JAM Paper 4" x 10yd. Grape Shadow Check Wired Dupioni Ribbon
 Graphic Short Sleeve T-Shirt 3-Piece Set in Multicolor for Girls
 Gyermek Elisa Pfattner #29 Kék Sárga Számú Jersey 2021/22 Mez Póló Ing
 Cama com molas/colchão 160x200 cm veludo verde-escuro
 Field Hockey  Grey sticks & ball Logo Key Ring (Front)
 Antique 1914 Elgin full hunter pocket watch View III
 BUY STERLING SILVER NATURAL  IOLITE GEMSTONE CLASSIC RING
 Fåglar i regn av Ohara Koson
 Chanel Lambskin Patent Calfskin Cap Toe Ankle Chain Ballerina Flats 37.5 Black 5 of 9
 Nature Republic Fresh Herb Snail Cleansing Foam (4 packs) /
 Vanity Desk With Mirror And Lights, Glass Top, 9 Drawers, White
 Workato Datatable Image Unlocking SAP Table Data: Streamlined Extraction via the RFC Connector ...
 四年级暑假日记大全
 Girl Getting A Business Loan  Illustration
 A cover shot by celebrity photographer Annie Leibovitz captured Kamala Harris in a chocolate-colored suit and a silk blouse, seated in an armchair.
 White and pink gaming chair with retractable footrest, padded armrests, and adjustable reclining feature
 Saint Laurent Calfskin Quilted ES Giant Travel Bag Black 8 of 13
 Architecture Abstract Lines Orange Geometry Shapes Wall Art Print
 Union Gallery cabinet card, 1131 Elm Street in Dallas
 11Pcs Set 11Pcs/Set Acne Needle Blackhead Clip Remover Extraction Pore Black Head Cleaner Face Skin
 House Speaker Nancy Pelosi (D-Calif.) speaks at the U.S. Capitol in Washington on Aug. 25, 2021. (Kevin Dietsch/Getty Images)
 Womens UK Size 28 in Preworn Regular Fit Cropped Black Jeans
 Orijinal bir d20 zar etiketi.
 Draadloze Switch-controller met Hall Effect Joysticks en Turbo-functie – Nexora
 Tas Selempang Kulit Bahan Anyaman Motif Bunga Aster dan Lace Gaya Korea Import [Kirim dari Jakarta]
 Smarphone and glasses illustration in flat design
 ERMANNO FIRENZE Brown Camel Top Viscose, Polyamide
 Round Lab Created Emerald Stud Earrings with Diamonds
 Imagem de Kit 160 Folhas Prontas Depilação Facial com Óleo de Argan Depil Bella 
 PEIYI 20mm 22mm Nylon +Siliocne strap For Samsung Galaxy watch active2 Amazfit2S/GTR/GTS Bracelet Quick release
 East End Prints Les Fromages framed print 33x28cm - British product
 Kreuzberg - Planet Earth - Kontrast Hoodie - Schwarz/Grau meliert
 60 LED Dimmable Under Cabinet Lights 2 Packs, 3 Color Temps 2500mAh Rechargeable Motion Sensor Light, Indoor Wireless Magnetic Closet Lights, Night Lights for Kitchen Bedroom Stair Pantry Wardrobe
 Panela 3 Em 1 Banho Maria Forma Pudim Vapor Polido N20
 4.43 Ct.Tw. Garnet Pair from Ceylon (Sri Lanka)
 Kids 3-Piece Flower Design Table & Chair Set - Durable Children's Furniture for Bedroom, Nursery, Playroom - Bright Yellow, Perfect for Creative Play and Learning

==========

Copy the listing in full, and keep every word exactly as it is.

Task answer -
JAM Paper 4" x 10yd. Grape Shadow Check Wired Dupioni Ribbon
 Graphic Short Sleeve T-Shirt 3-Piece Set in Multicolor for Girls
 Gyermek Elisa Pfattner #29 Kék Sárga Számú Jersey 2021/22 Mez Póló Ing
 Cama com molas/colchão 160x200 cm veludo verde-escuro
 Field Hockey  Grey sticks & ball Logo Key Ring (Front)
 Antique 1914 Elgin full hunter pocket watch View III
 BUY STERLING SILVER NATURAL  IOLITE GEMSTONE CLASSIC RING
 Fåglar i regn av Ohara Koson
 Chanel Lambskin Patent Calfskin Cap Toe Ankle Chain Ballerina Flats 37.5 Black 5 of 9
 Nature Republic Fresh Herb Snail Cleansing Foam (4 packs) /
 Vanity Desk With Mirror And Lights, Glass Top, 9 Drawers, White
 Workato Datatable Image Unlocking SAP Table Data: Streamlined Extraction via the RFC Connector ...
 四年级暑假日记大全
 Girl Getting A Business Loan  Illustration
 A cover shot by celebrity photographer Annie Leibovitz captured Kamala Harris in a chocolate-colored suit and a silk blouse, seated in an armchair.
 White and pink gaming chair with retractable footrest, padded armrests, and adjustable reclining feature
 Saint Laurent Calfskin Quilted ES Giant Travel Bag Black 8 of 13
 Architecture Abstract Lines Orange Geometry Shapes Wall Art Print
 Union Gallery cabinet card, 1131 Elm Street in Dallas
 11Pcs Set 11Pcs/Set Acne Needle Blackhead Clip Remover Extraction Pore Black Head Cleaner Face Skin
 House Speaker Nancy Pelosi (D-Calif.) speaks at the U.S. Capitol in Washington on Aug. 25, 2021. (Kevin Dietsch/Getty Images)
 Womens UK Size 28 in Preworn Regular Fit Cropped Black Jeans
 Orijinal bir d20 zar etiketi.
 Draadloze Switch-controller met Hall Effect Joysticks en Turbo-functie – Nexora
 Tas Selempang Kulit Bahan Anyaman Motif Bunga Aster dan Lace Gaya Korea Import [Kirim dari Jakarta]
 Smarphone and glasses illustration in flat design
 ERMANNO FIRENZE Brown Camel Top Viscose, Polyamide
 Round Lab Created Emerald Stud Earrings with Diamonds
 Imagem de Kit 160 Folhas Prontas Depilação Facial com Óleo de Argan Depil Bella 
 PEIYI 20mm 22mm Nylon +Siliocne strap For Samsung Galaxy watch active2 Amazfit2S/GTR/GTS Bracelet Quick release
 East End Prints Les Fromages framed print 33x28cm - British product
 Kreuzberg - Planet Earth - Kontrast Hoodie - Schwarz/Grau meliert
 60 LED Dimmable Under Cabinet Lights 2 Packs, 3 Color Temps 2500mAh Rechargeable Motion Sensor Light, Indoor Wireless Magnetic Closet Lights, Night Lights for Kitchen Bedroom Stair Pantry Wardrobe
 Panela 3 Em 1 Banho Maria Forma Pudim Vapor Polido N20
 4.43 Ct.Tw. Garnet Pair from Ceylon (Sri Lanka)
 Kids 3-Piece Flower Design Table & Chair Set - Durable Children's Furniture for Bedroom, Nursery, Playroom - Bright Yellow, Perfect for Creative Play and Learning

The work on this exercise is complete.